Erdoğan’ın 2014’te cumhurbaşkanı olmasından bu yana gözaltına alınan 131 gazeteciden en az 40’ı mahkum edildi.
Türkiye, Temmuz 2016’daki darbe girişiminin ardından uygulanan olağanüstü hal nedeniyle, 2018’de gazeteciler için dünyanın en büyük hapishanesi haline geldi. Cumhuriyet, Sözcü, Özgür Gündem ve Zaman gazeteleri de dâhil olmak üzere birçok medya kuruluşunda kitlesel keyfi tutuklamalar gerçekleştirildi.
Türkiye’de halihazırda dört gazeteci tutuklu. Bu sayı medya çalışanlarına tutuklamaların azalmasının ardından son on yıldaki en düşük sayı. Ancak medyaya yönelik yargısal taciz hala yaygın.
Son yıllarda tutuklamalarla sonuçlanan adli tacizlere maruz kalan medya çalışanları arasında Tolga Şardan, Merdan Yanardağ, Barış Pehlivan, Abdurrahman Gök ve Furkan Karabay gibi isimler var.
Gazetecilere yöneltilen en yaygın suçlamalar arasında Terörle Mücadele Kanunu’ndaki (TMK) “terör örgütü propagandası yapmak” ile ” terörle mücadelede görev almış kişileri hedef göstermek”, Türk Ceza Kanunu’nda (TCK) ise “kamu görevlisine hakaret”, “cumhurbaşkanına hakaret” ve “devlet kurumlarını aşağılamak” yer alıyor.
Son 10 yılda yazılan veya sosyal medyada paylaşılan haber, köşe yazısı veya yorumlarda “cumhurbaşkanına hakaret” ettikleri gerekçesiyle 77 gazeteciye para veya hapis cezası verildi.
RSF’nin Türkiye Temsilcisi Erol Önderoğlu, meslektaşı gazeteci Ahmet Nesin ve insan hakları savunucusu Şebnem Korur Fincancı ile birlikte sekiz yıldan uzun süredir devam eden bir ceza davasında sanık. Üç isim 2016’da olağanüstü hal kapsamında zorla kapatılan Özgür Gündem ile dayanışma kampanyasına katıldıkları için PKK lehine propaganda yapmakla suçlanıyorlar. Beraat ettikleri dava Erdoğan’ın hedef göstermesiyle Ekim 2020’de bozuldu.

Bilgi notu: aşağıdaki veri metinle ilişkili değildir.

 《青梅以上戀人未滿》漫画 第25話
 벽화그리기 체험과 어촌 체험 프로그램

Yurt dışına gittikten sonra yıllarca Erk Acarer, Hayko Bağdat ve Fehim Taştekin gibi isimler gazetecilik faaliyetleriyle bağlantılı olarak adli kovuşturmalara veya idari misillemelere maruz kaldılar.

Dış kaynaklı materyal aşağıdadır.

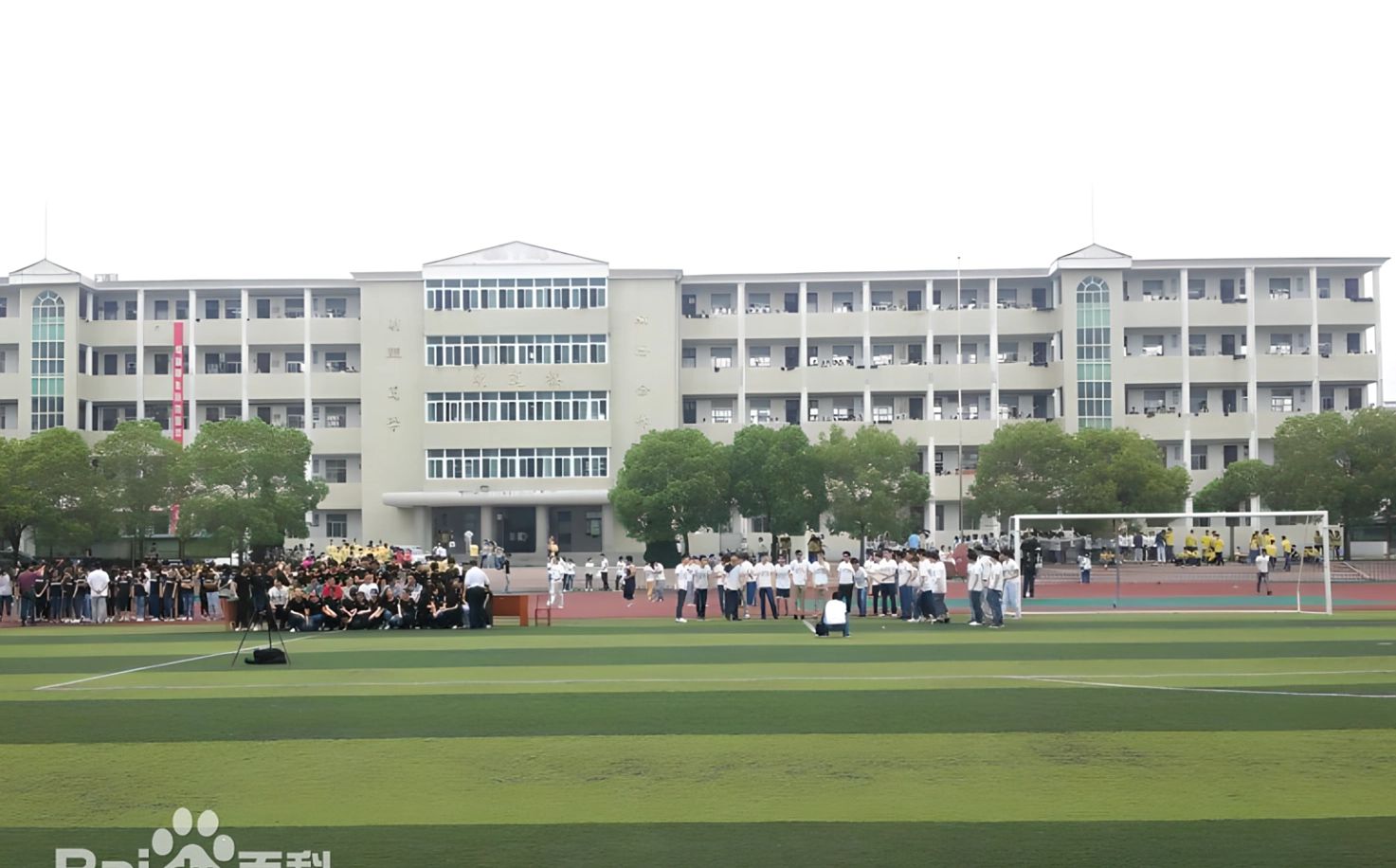 优游市黄陂区第七高等中黉舍区在哪_在甚么区？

Cumhuriyet gazetesinin eski genel yayın yönetmeni Can Dündar, 2015’te “İşte Erdoğan’ın yok dediği silahlar” başlıklı bir haber nedeniyle Erdoğan tarafından şahsen tehdit edildi, yurtdışına sürgüne gitti ve gıyaben 27 buçuk yıl hapse mahkûm edilidi. Erdoğan, “Bu haberi yapan kişi bunun bedelini ödeyecek. Bunun yanına kâr kalmasına izin vermeyeceğim” diye Dündar’ı tehdit etmişti.

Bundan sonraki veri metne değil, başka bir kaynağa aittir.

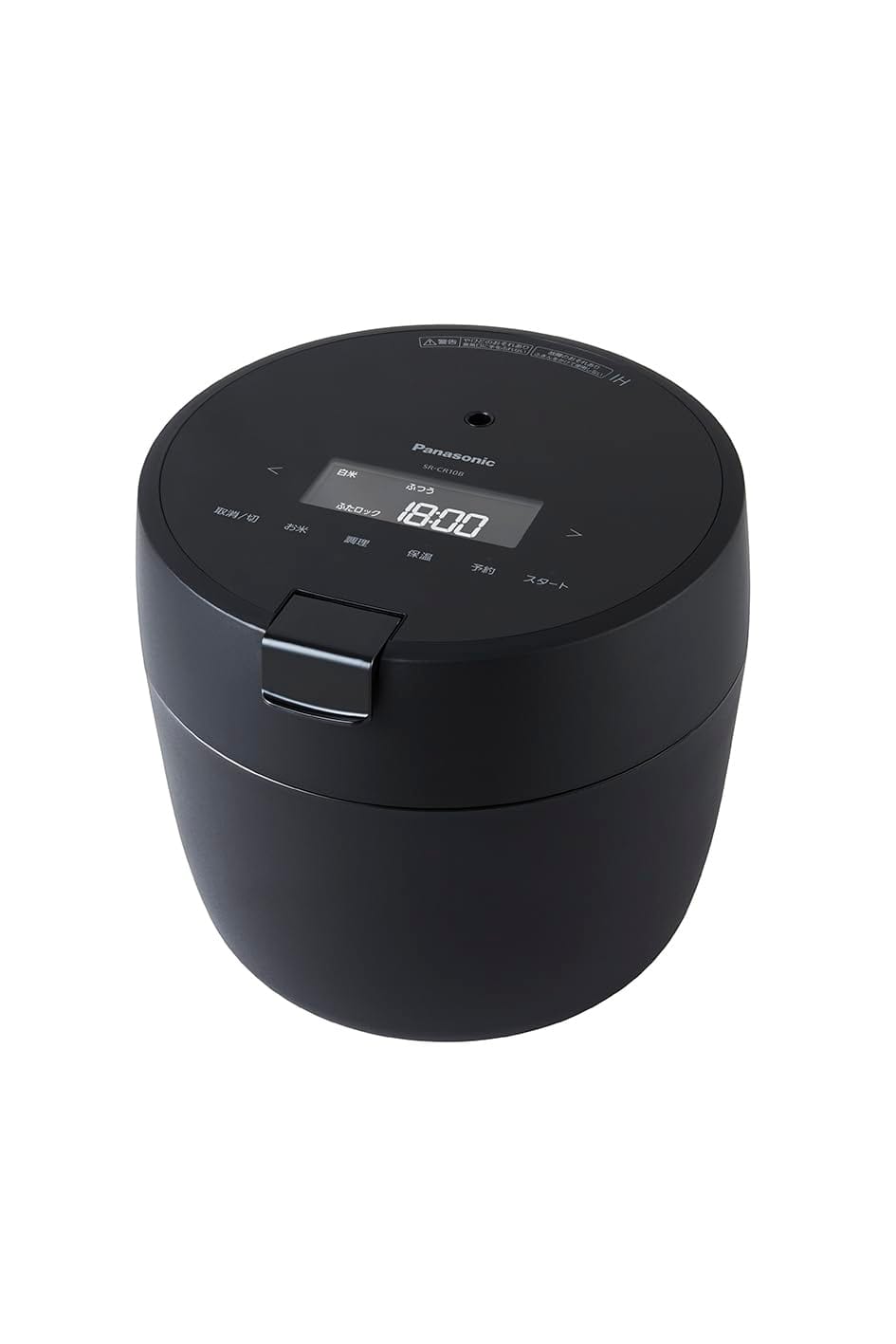 パナソニック 炊飯器 5合 圧力IH 新生活 一人暮らし コンパクトサイズ｜ALTAS 31,954円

Çevrimiçi platformlar sansürlendi
Sosyal medya platformları da Erdoğan yönetimi tarafından sansürlendi.
Instagram, çocuk istismarı ve uyuşturucu kullanımı gibi “katalog suçları” gerekçesiyle 2 Ağustos’ta erişime kapatıldı. Herhangi bir açıklama yapılmadan duyurulan erişim yasağı, “pornografi”, “sağlığı tehlikeye atan ürünlerin satışı”, “intihara teşvik” veya “Cumhuriyet’in kurucusu Mustafa Kemal Atatürk’ün anısına hakaret” gibi çeşitli gerekçelerle içerik veya web sitelerinin erişilemez hale getirilmesine izin veren İnternet Yasası’nın 8. maddesine dayanıyor. Ancak yasak, Instagram’ın Hamas lideri İsmail Haniye’nin ölümüne yönelik taziye mesajlarının mecradan kaldırılmasının ardından getirildi.
Wikipedia, Türkiye’nin Suriye’deki cihatçı örgütlerle işbirliği yaptığı iddia edilen içerik ve makaleler nedeniyle 2017’den başlayarak Türkiye’de üç yıl boyunca erişime kapatıldı. Twitter, Mart 2014’te Türk siyasetçileri suçlayan ses kayıtları nedeniyle engellendi.
Twitter ise Mart 2014’te Türk siyasetçileri zan altında bırakan ses kayıtları nedeniyle engellendi.
Beş gazeteci öldürüldü
Türkiye medyası, 2007’de Agos kurucusu Hrant Dink’in öldürülmesinden bu yana siyasi suikastlardan kurtulmuştu. Ancak Erdoğan cumhurbaşkanı olduktan sonra beş gazeteci öldürüldü.
Üçü 2011’de Suriye’de başlayan iç savaştan kaçan gazetecilerdi. Diğer ikisi ise Bursa ve Kocaeli’den yerel gazetecilerdi.
Basın özgürlüğünde daha geriye
Erdoğan 2014’te cumhurbaşkanı olduğunda Türkiye, RSF’nin Dünya Basın Özgürlüğü Endeksi’nde 180 ülke arasında 154. sıradaydı . 2023’te 165. sıraya düştü ve 2024 Endeksi’nde 158. sırada yer aldı.